## Task brief
All lines from the one containing "Baby Sports Nursery" through the end of the entries below should appear in the answer exactly, with no others.

Dataset entries:
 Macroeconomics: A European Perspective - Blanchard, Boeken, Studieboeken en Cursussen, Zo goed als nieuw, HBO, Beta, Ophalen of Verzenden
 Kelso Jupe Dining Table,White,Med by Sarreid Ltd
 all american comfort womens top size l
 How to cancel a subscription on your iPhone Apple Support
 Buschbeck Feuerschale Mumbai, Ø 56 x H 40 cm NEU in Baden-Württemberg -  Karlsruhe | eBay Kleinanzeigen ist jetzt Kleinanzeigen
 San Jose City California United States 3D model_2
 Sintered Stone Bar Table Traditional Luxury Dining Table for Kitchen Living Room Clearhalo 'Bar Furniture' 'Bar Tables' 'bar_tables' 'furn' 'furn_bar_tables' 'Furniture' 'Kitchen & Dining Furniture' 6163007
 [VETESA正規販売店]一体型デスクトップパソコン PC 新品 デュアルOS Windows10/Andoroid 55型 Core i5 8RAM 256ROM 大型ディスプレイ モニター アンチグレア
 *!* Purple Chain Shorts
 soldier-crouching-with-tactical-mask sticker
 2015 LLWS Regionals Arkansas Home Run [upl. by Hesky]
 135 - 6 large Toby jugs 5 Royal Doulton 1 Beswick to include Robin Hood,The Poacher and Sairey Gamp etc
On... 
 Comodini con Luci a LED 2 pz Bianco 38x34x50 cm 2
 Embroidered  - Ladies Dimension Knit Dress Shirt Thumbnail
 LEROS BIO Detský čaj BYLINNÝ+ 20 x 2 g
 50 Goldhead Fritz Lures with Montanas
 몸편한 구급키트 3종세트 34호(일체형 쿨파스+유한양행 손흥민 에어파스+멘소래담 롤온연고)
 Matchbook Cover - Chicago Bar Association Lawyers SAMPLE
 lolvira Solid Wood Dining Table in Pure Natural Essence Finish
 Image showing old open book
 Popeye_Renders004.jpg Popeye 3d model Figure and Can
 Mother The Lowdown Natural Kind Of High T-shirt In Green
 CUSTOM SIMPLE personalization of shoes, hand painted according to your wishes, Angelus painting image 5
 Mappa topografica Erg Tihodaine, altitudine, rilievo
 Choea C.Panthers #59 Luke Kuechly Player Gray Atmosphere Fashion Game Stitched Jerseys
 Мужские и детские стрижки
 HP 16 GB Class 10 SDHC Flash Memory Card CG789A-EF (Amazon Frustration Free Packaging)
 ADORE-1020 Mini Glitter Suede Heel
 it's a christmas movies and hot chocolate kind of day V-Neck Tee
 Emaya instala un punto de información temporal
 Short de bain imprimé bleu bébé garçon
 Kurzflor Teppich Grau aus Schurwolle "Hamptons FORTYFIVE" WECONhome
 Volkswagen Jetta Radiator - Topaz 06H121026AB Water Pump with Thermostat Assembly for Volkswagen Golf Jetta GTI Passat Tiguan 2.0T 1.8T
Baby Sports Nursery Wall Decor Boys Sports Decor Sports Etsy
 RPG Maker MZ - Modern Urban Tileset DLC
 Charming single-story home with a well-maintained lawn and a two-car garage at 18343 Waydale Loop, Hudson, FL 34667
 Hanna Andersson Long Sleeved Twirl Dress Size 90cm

## Answer section
Baby Sports Nursery Wall Decor Boys Sports Decor Sports Etsy
 RPG Maker MZ - Modern Urban Tileset DLC
 Charming single-story home with a well-maintained lawn and a two-car garage at 18343 Waydale Loop, Hudson, FL 34667
 Hanna Andersson Long Sleeved Twirl Dress Size 90cm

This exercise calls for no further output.